Federal Agents Question Jenks Man After Laser Pointed Into Cockpit

Friday, March 21st 2014, 11:04 pm
By: News On 6

Federal Agents are questioning a man after pilots reported lasers being pointed into their cockpits. It happened near the Jones Riverside Airport; agents picked up the suspect near Jenks.

You could face serious federal charges if you point one of a laser pointer at planes in the sky, but it happened again. Police officers used their helicopter as bait to attract the high beam of light.

Tulsa Police Helicopter Pilots are essential to keeping officers safe on the ground. They fly missions in the middle of the night, providing a view you can only get from above.

"We just want them to know, it's not a joke to do it," said Michael Richert with the Tulsa Police.

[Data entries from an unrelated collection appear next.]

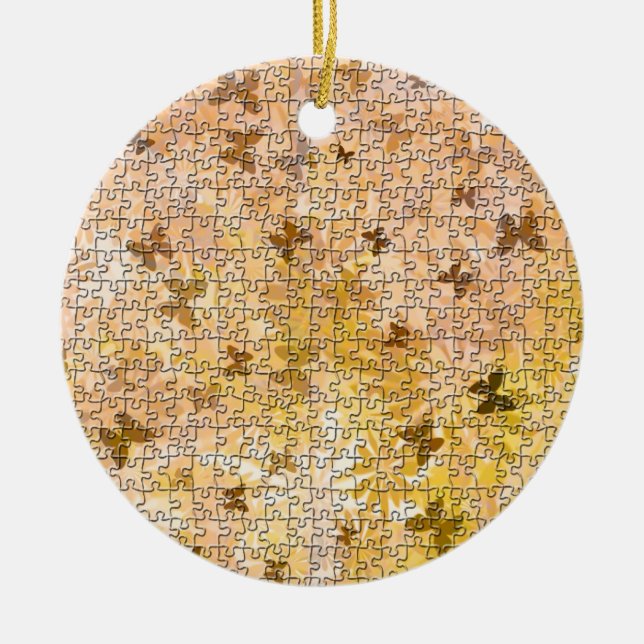 Adorno De Cerámica Mariposas de rompecabezas y Daisies-Browns de STay (Frente)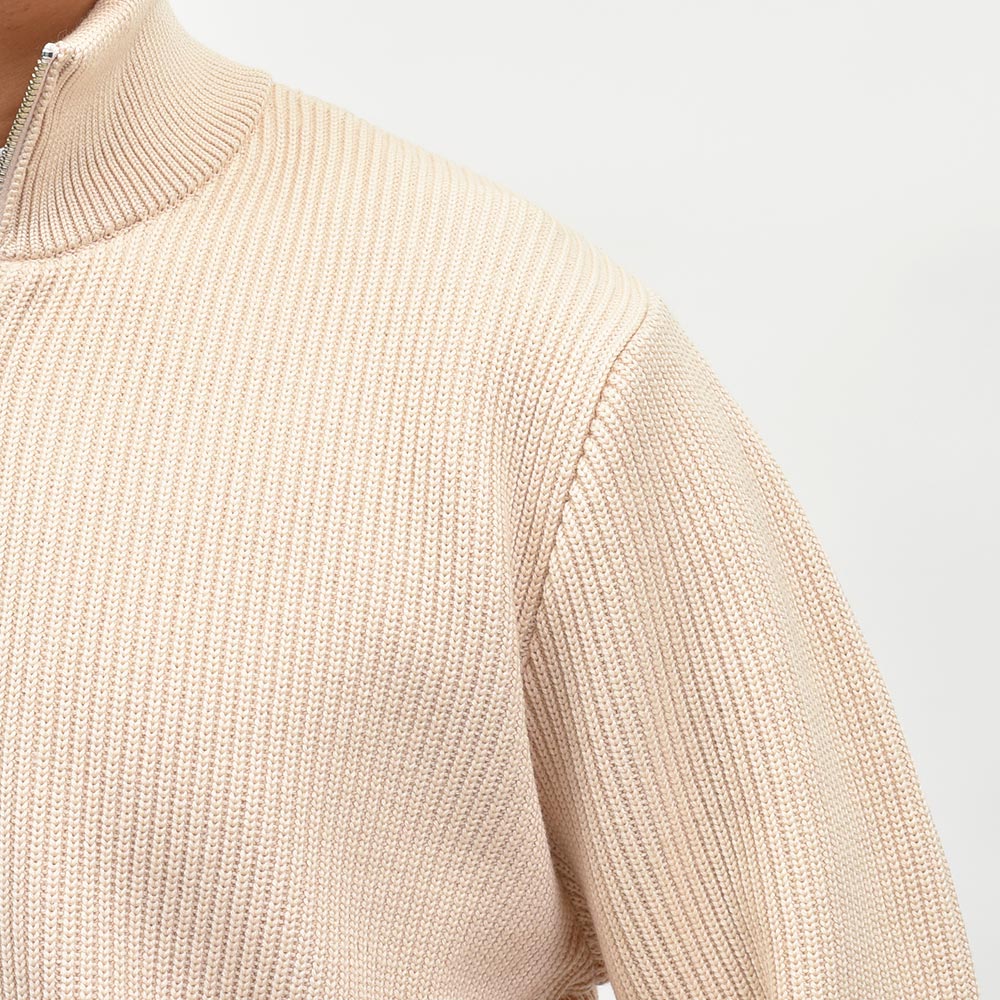 Yonetomi(ヨネトミ) EX FINE WOOL RIB KNIT B/L エクストラファインメリノウール ジップアップニットブルゾン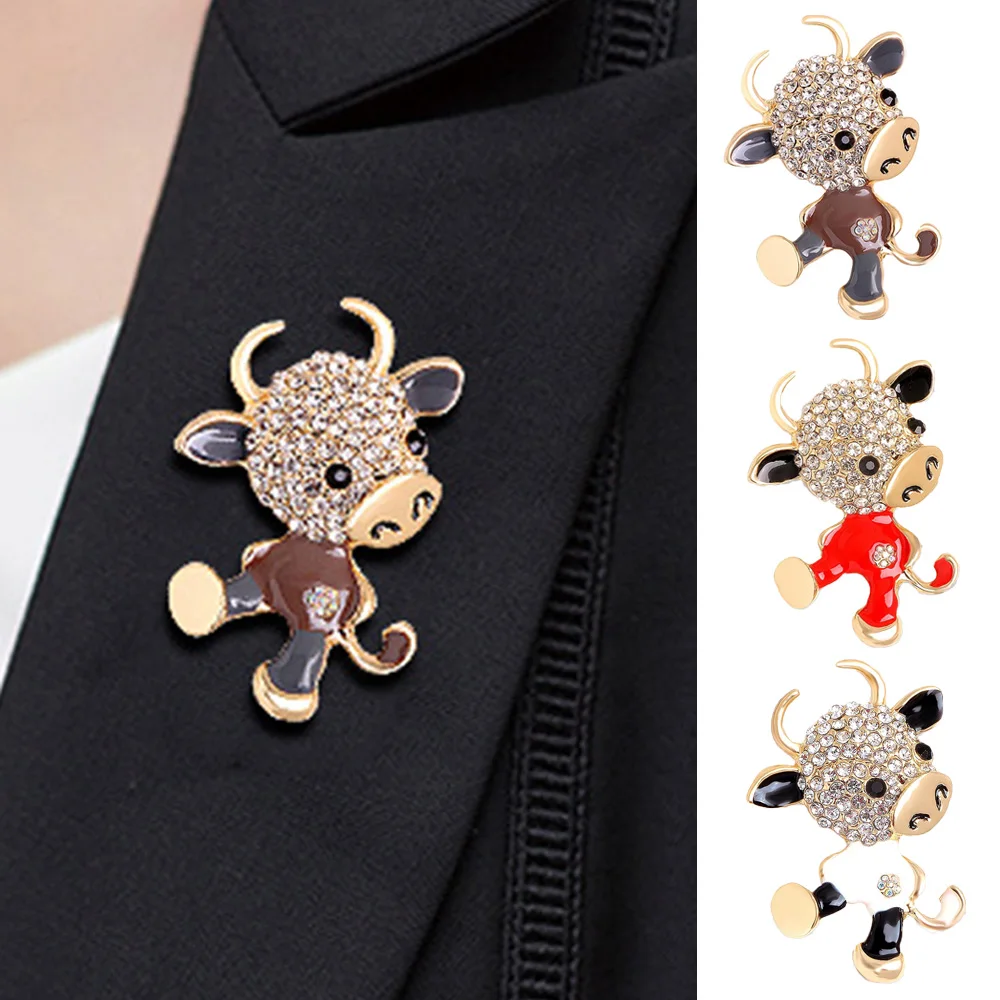 Симпатичные Броши Стразы с кристаллами в виде мультяшного быка для женщин 2021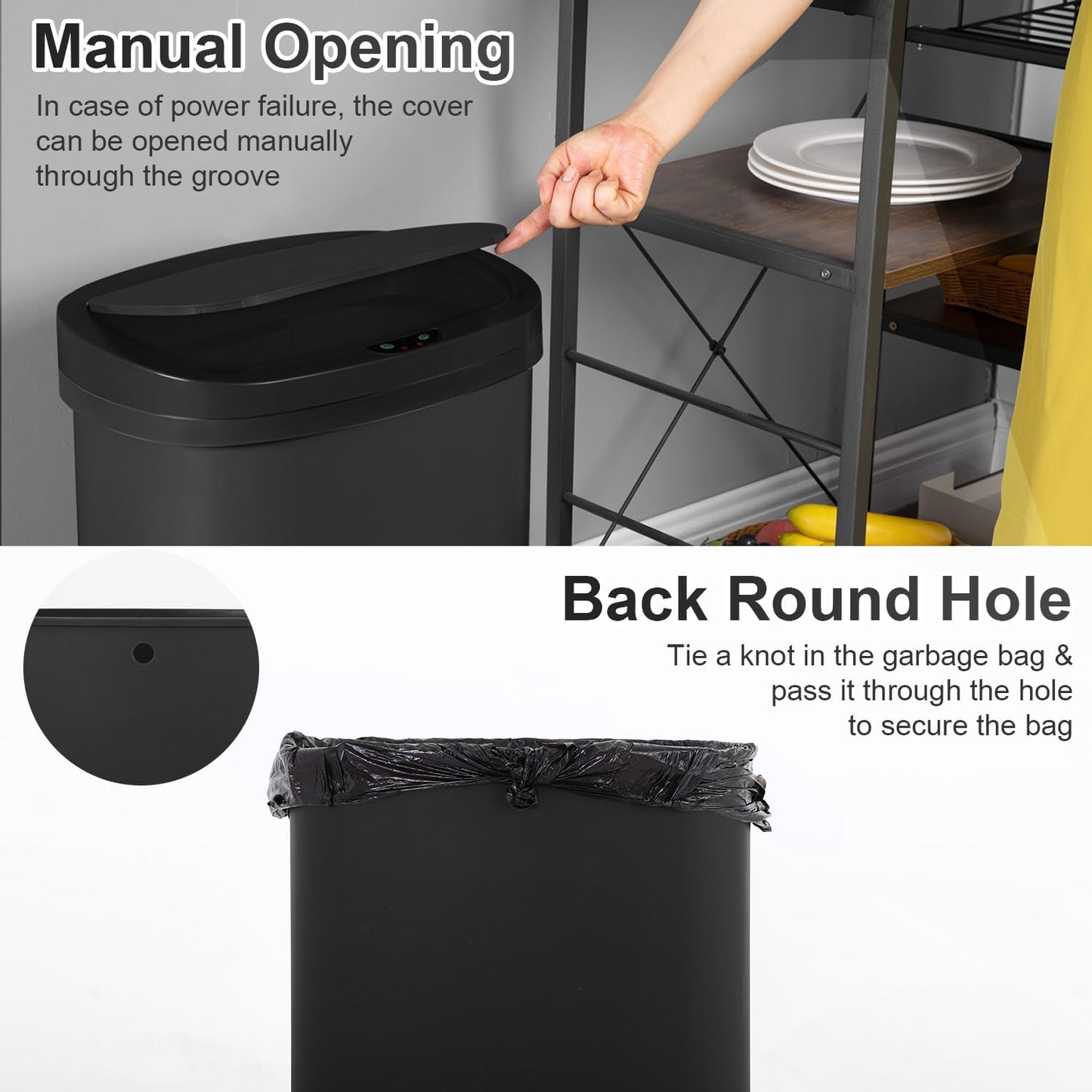FDW Garbage Can 13 Gallon 50 Liter Kitchen Trash Can for Bathroom Bedroom Home Office Automatic Touch Free High-Capacity with Lid Waste Bin,Black 🍁 All In One Marketplace Canada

In the past two months, Federal Agents have been investigating people shooting laser pointers into cockpits.

3/7/2014 Tulsa Man Indicted For Pointing Laser Pointer At TPD Helicopter

"It illuminates the aircraft. It makes everything brighter. It kind of glares, so you can imagine an aircraft, especially on final approach to an airport," Richert said.

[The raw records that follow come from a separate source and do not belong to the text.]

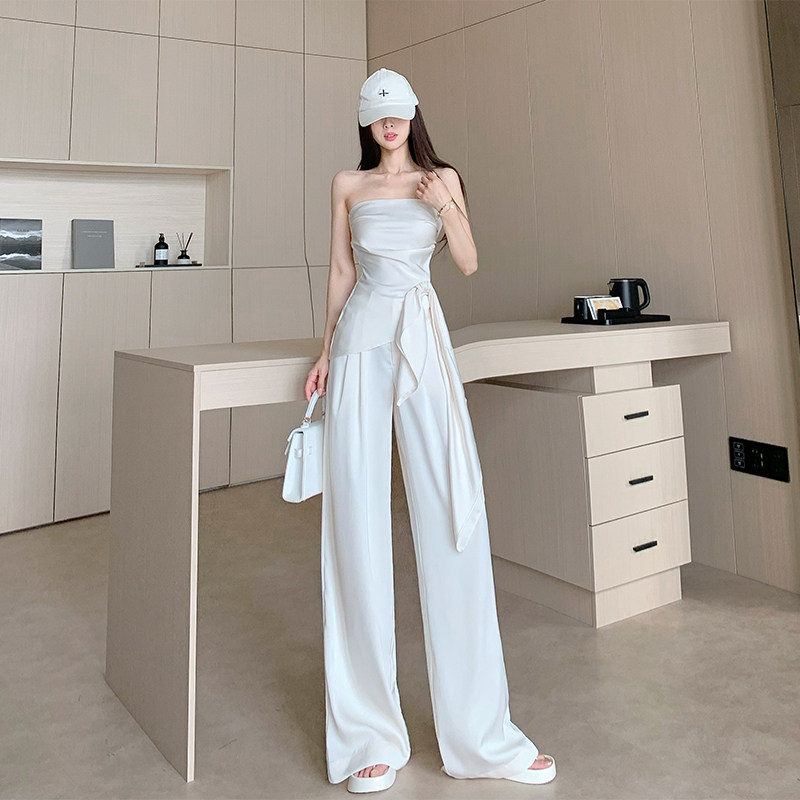 高级感缎面阔腿裤套装女夏时尚气质不规则绑带抹胸上衣休闲两件套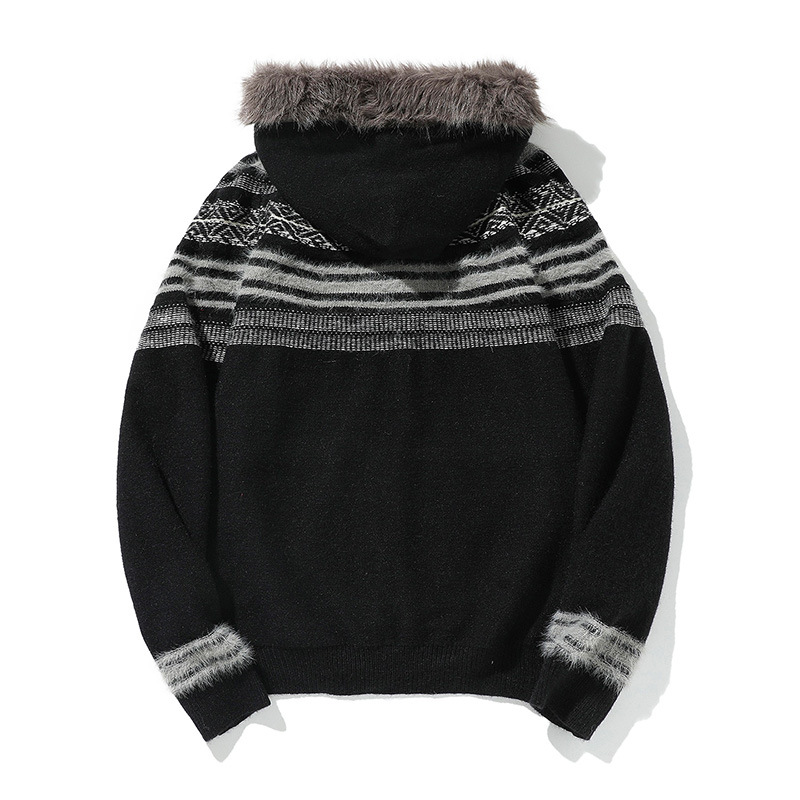 Abrigo oversize de punto jacquard con ribete de pelo a juego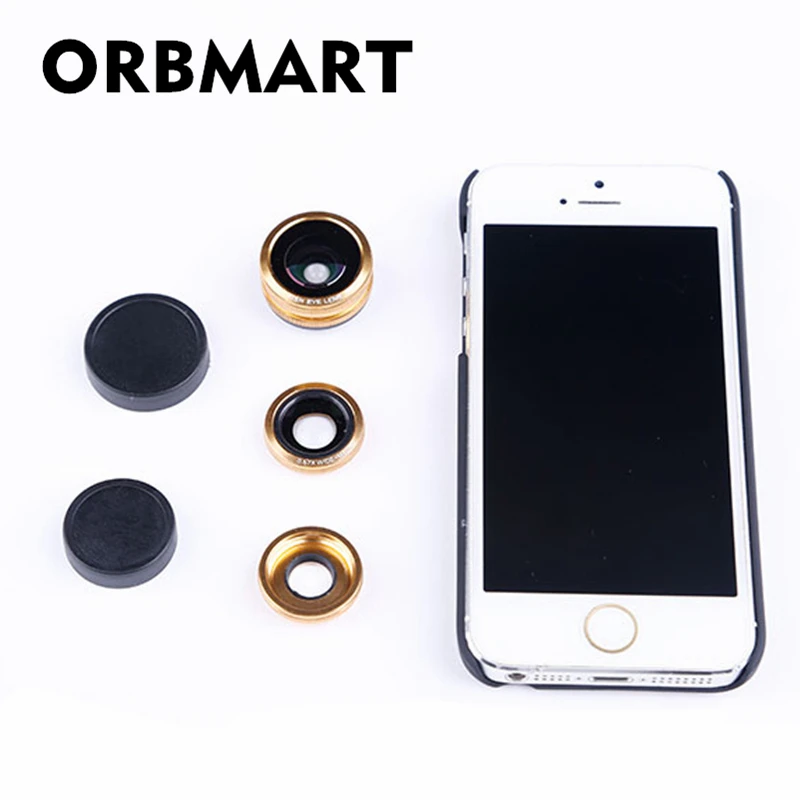 

ORBMART 3 in 1 Fisheye Lens + Wide Angle + Micro Lens Photo Kit Set For Apple iPhone 5 5C 5S 5G With Back Case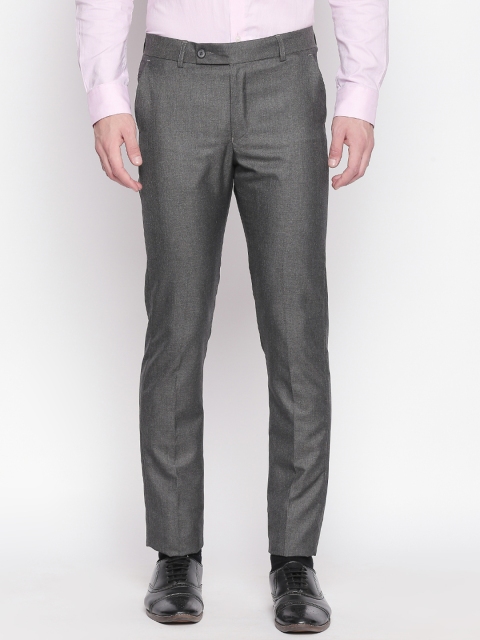 

Solemio Men Grey Regular Fit Solid Regular Trousers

TPD Pilots responded Thursday night after getting reports of a MedEvac helicopter pilot blinded by a green light. The helicopter took off from the Jones Riverside Airport, and officers weren't in the air long before being beamed themselves.

"About 5 minutes into orbiting we were struck on the belly of our aircraft and began orbiting around the area we were struck. We were eventually able to get it on camera," Richert said.

The blinding light has local pilots, like John Hulbert, worried, especially when it happens so close to an airport.

"I don't want to be surprised by somebody shooting something like that through my windshield when I'm coming in on approach," Hulbert said.

He said when it's dark out a pilot's eyes are already strained, looking for visual cues, like airport lights and landmarks.

"You just want to turn away from it," Hulbert said.

The crime is on the rise and police are going out of their way to catch people shooting lasers in the sky.

The Federal Aviation Administration fines for pointing a laser at an aircraft are around $11,000. A Tulsa man was indicted a few weeks ago for pointing a laser at the same police helicopter.